Like this one from Bloomberg.
We might be looking at a lost generation for U.S. home values.
Far too many analysts are calling a bottom to the housing market after home prices in 20 metropolitan areas declined at a slower pace in February, according to the Standard & Poor’s/Case-Shiller Index.
Don’t be blinded by the glint of optimism in headlines about rising consumer confidence and slowing price declines. Demographic and market realities tell a more sobering story.
You won’t see a widespread housing rebound in an economy in which 600,000 jobs a month are lost and foreclosures ravage the most overleveraged areas. These are just the visible barriers to a recovery.
Mortgage lending has also been an unusually tightfisted process of late. Lenders are demanding a 20 percent deposit for home purchases, and want impeccable credit ratings. About 45 percent of U.S. banks surveyed by the Federal Reserve said they had “tightened their lending standards on prime mortgages.” I suspect that number is much higher.
Then there’s the reality that the market is glutted with homes. A record 19 million homes stood empty at the end of 2008.
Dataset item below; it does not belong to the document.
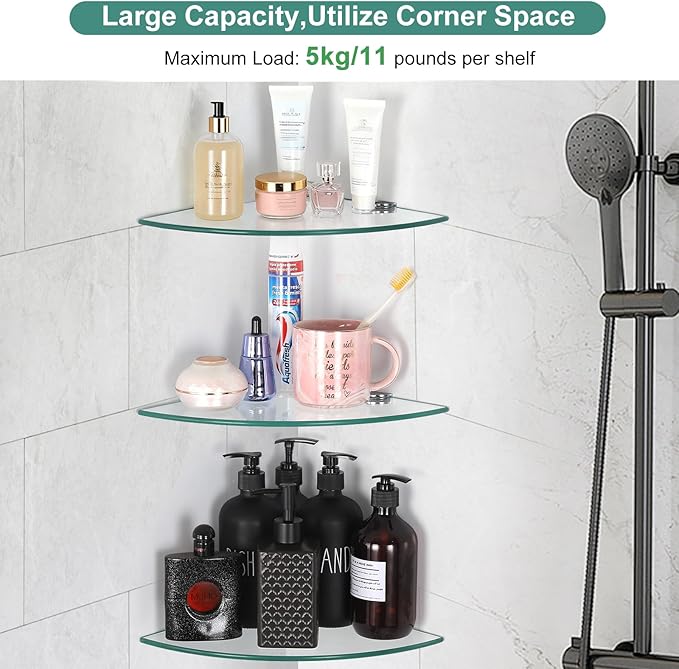 3 Pack Glass Corner Shower Shelves, Tempered Floating Glass Shelves Wall Mount, Shower Caddy Organizer, Bathroom Corner Shelf with Zinc Alloy Brackets for Bathroom, Kitchen, Living Room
What you can’t see in the most recent housing numbers is the least-visible driver of home prices today: demographics.
Baby Boomers
The baby-boomer generation, the largest in American history, will be buying fewer single-family homes.
The U.S. is experiencing a 40-year generational peak in consumer spending, one that will lead to “the first and last Depression of our lifetimes,” author Harry Dent predicts in his book “The Great Depression Ahead” (Free Press, 2008).
Although we may not be headed for a 1930s-style Depression, there’s plenty of evidence to suggest that boomers are dumping their four- and five-bedroom suburban homes for two- and three- bedroom condominiums.
Trouble Spots
That’s why it’s unlikely that there will be any swift recoveries in Phoenix, Las Vegas or San Francisco, where prices fell 35 percent, 32 percent and 31 percent respectively in February from a year earlier, according to the Case-Shiller Index. More setbacks are coming in central and Southern California and south Florida.
One thing hasn’t changed in this recession: Those who are mobile will continue to move where jobs are relatively plentiful and housing is cheaper.
One of the reasons the housing mania was so damaging was that median home prices rose to about three times average household incomes as opposed to double income levels in 1950. (or TEN times household incomes here in SoCal!!)
Wages simply weren’t keeping pace with housing inflation, so homeowners overleveraged to make up the difference. The wave of deleveraging will depress home prices in most markets.